* **Problem description**
Output the listing verbatim, leaving out every picture.

* **Material for the task**
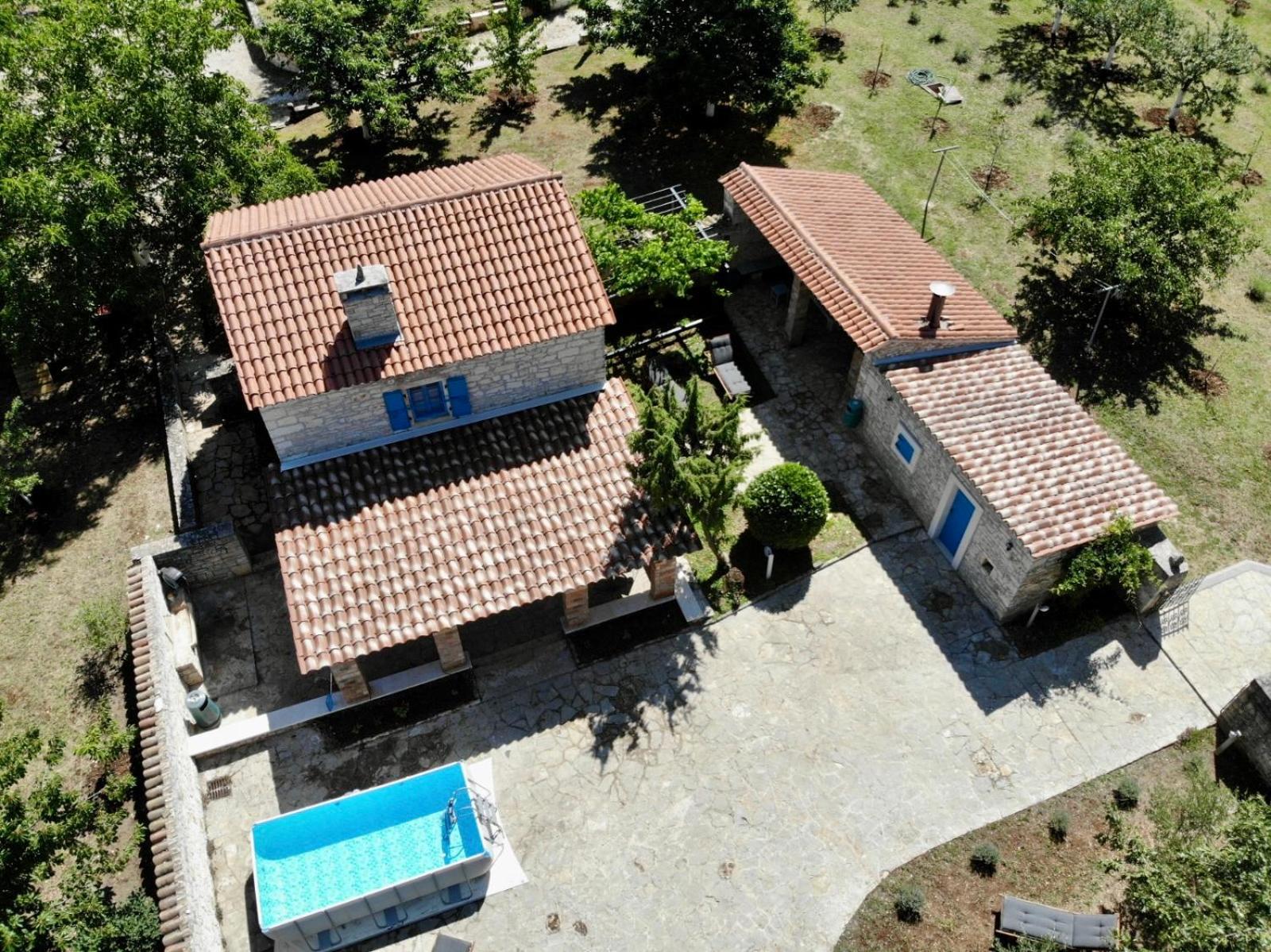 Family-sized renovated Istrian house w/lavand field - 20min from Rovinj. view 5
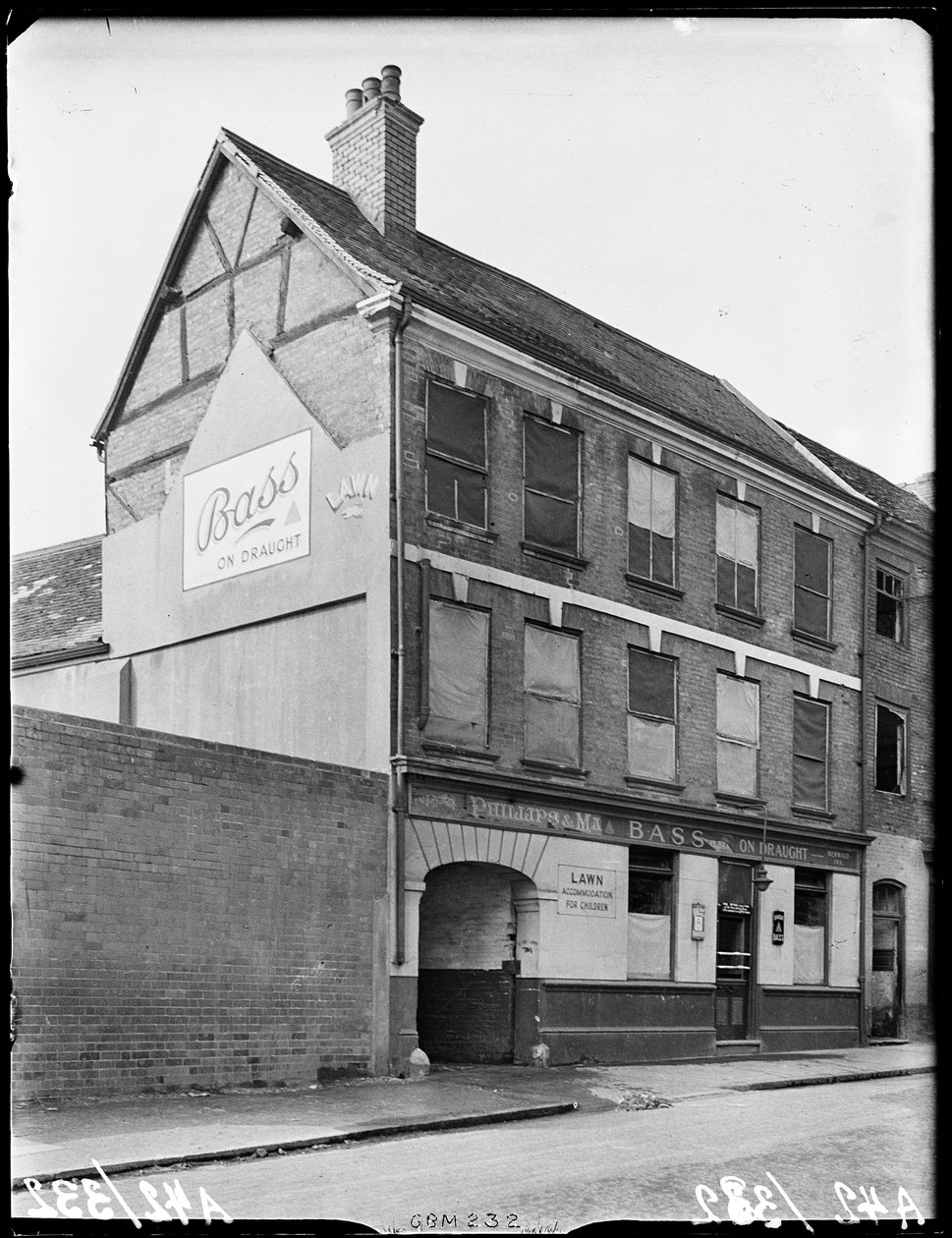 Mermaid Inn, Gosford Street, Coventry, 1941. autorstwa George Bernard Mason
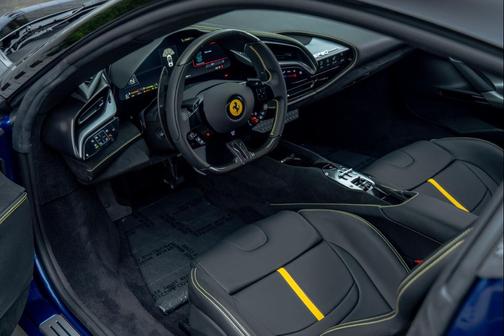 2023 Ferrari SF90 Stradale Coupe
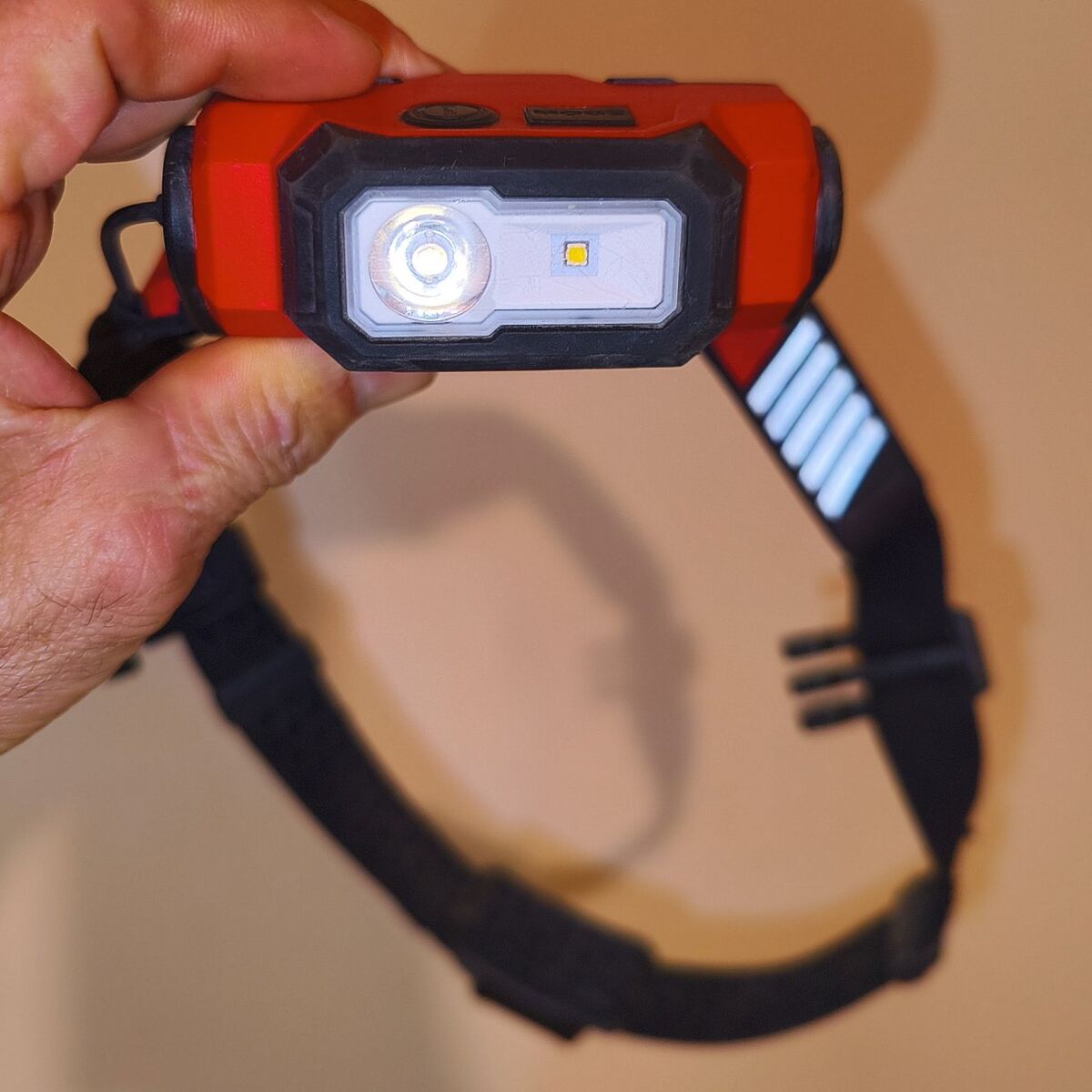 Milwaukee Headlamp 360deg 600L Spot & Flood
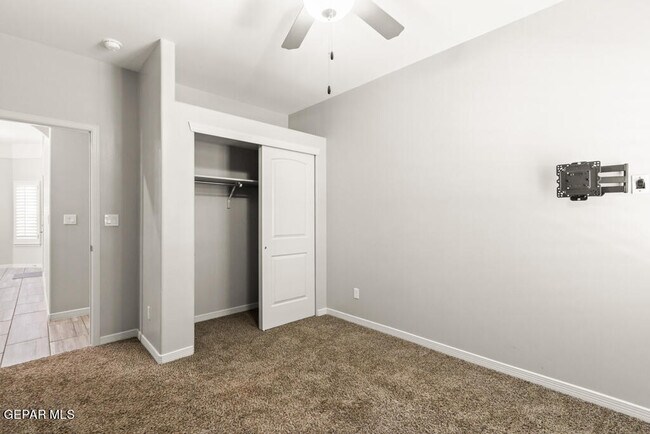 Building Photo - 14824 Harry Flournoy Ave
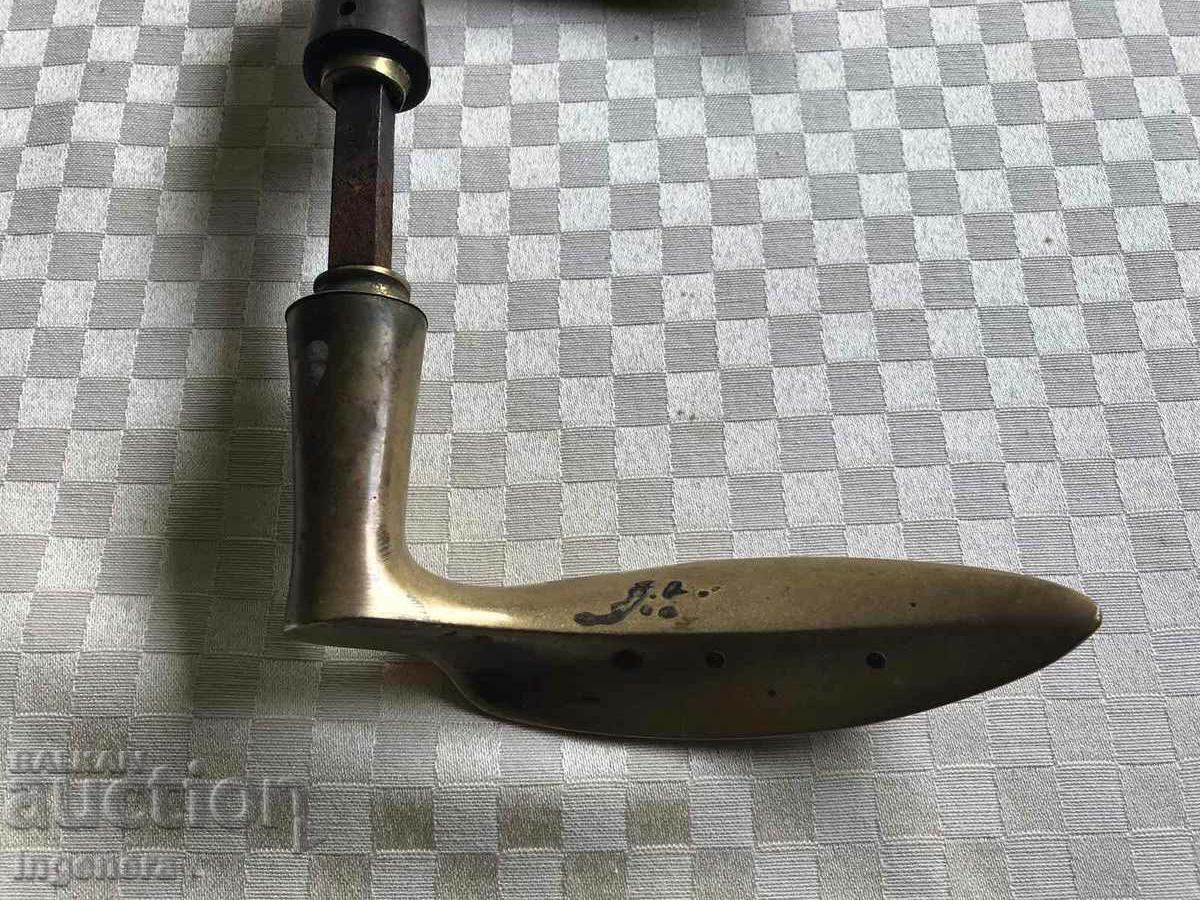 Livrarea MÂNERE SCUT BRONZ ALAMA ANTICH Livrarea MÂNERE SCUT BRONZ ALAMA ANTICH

* **Task output**
 Family-sized renovated Istrian house w/lavand field - 20min from Rovinj. view 5
 Mermaid Inn, Gosford Street, Coventry, 1941. autorstwa George Bernard Mason
 2023 Ferrari SF90 Stradale Coupe
 Milwaukee Headlamp 360deg 600L Spot & Flood
 Building Photo - 14824 Harry Flournoy Ave
 Livrarea MÂNERE SCUT BRONZ ALAMA ANTICH Livrarea MÂNERE SCUT BRONZ ALAMA ANTICH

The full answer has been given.